Suppose that the number of E⁺ is l⁺ and the number of E⁻ is l⁻, then the time complexity of calculating q_ijrr and Q_ijrs(r≠s) in the E step are O(l⁺ × K) and O(l⁻× K(K − 1)) respectively. Thus, the total time cost of the E step is O(l⁺ × K + l⁻× K(K − 1)). In the M step, we need to calculate ω_rr, ω_rs(r≠s) and θ_ri—the corresponding time complexities are O(l⁺ × K + l⁻× K(K − 1)), O(l⁺ × K + l⁻× K(K − 1)) and O(l⁺ + l⁻× K). Then, the total time cost of the M step is O(l⁺ × K + l⁻× K²). If the EM algorithm converges within T iterations, the time complexity of the SPM model will be O(T(l⁺ × K + l⁻× K²)).

In a signed network with only positive links, that is E⁺ = E, our model is simplified to

$$\begin{equation} \label {eq12} P(A\vert \omega ,\theta )=P(E\vert \omega ,\theta )=\prod _{E_{ij} \in {E}} {\left (\sum _{rr} {\omega _{rr} \theta _{ri} \theta _{rj} } \right )^{E_{ij}^{+} }} . \end{equation} \tag{ 12 }$$

In the E step,

$$\begin{equation} \label {eq13} q_{ijrr} =\frac {\omega _{rr} \theta _{ri} \theta _{rj} }{\sum _{rr} {\omega _{rr} \theta _{ri} \theta _{rj} } }. \end{equation} \tag{ 13 }$$

In the M step,

$$\begin{equation}\label {eq14} \begin{array}{l} \displaystyle {\omega _{rr} =\frac {\sum _{E_{ij} \in E^{+}} {q_{ijrr} E_{ij}^{+} } }{\sum _{E_{ij} \in E^{+}rr} {q_{ijrr} E_{ij}^{+} } }} \\ \displaystyle {\theta _{ri} =\frac {\sum _j {q_{ijrr} E_{ij}^{+} } }{\sum _{E_{ij} \in E^{+}} {q_{ijrr} E_{ij}^{+} } }} . \end{array} \end{equation} \tag{ 14 }$$

Our algorithm is similar to the simple probabilistic algorithm expectation maximization (SPAEM) model [29], for assortative structure detection, where all edges are in communities.

Similarly, in another signed network with only negative links, that is E⁻ = E, our model is simplified to

$$\begin{equation} \label {eq15} P(A\vert \omega ,\theta )=P(E\vert \omega ,\theta )=\prod _{E_{ij} \in {E}} {\left (\sum _{rs(r\ne s)} {\omega _{rs} \theta _{ri} \theta _{sj} } \right )^{E_{ij}^{-} }} . \end{equation} \tag{ 15 }$$

In the E step,

$$\begin{equation} \label {eq16} Q_{ijrs(r\ne s)} =\frac {\omega _{rs} \theta _{ri} \theta _{sj} }{\sum _{rs(r\ne s)} {\omega _{rs} \theta _{ri} \theta _{sj} } }. \end{equation} \tag{ 16 }$$

In the M step,

$$\begin{eqnarray}&&\label {eq17} \begin{array}{l} \displaystyle {\omega _{rs(r\ne s)} =\frac {\sum _{E_{ij} \in E^{-}} {Q_{ijrs} E_{ij}^{-} } }{\sum _{E_{ij} \in E^{-}rs(r\ne s)} {Q_{ijrs} E_{ij}^{-} } }} \\ \displaystyle {\theta _{ri} =\frac {\sum _{js(r\ne s)} {Q_{ijrs} E_{ij}^{-} } }{\sum _{E_{ij} \in E^{-}s(r\ne s)} {Q_{ijrs} E_{ij}^{-} } }} . \end{array} \end{eqnarray} \tag{ 17 }$$

Our algorithm can be used to identify the disassortative structure, where all edges are across communities.

To investigate the effectiveness of the SPM model on overlapping community detection in signed networks, we first test it on a large number of signed networks including a signed network with only positive links, a signed network with only negative links, an illustrative network, two real-world networks and a series of synthetic networks.
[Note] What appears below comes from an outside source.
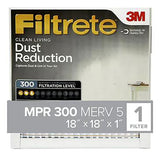 FILTER AIR DST REDUC 18X18X1IN, Pack of 4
Then we discuss the model selection issue—how to determine the optimal number of communities.

4.1. Community detection in a signed network with only positive links

The Zachary club network, which characterizes the acquaintance relationship between 34 members [36], is used to test the capability of our model on assortative structure detection in a signed network with only positive links. The club network is split into two groups because of a dispute between the administrator and karate teacher. It has been used as a common dataset for overlapping community detection in many studies. Figure 2 shows the communities detected by our algorithm when setting K = 2. The SPM model correctly identifies two assortative structures with several overlapping nodes: {3,9,14,20,31,32}. To further investigate the effectiveness of our model, we compared it with several popular models, including the Generalized Stochastic Blockmodel (GSB) [25], the Newman mixture model (NMM) [9] and the SPAEM [29]. Table 1 shows the memberships of the six overlapping nodes when using different models. The numbers in parentheses are coefficients indicating how strongly a node belongs to all communities (called community coefficients). For example, the first entry (0.51, 0.49) in the first row indicates that node 3 belongs to two communities with probabilities of 0.51 and 0.49 respectively. We can see that our model gets the same result as GSB and SPAEM, and a better result than NMM. It is easy to understand that the results from GSB, SPAEM and our model are the same because a signed network with only positive links only contains assortative structures. Each assortative structure is a community. It is no surprise that our model outperforms NMM since GSB has been proved superior to NMM on the Zachary club network in [25].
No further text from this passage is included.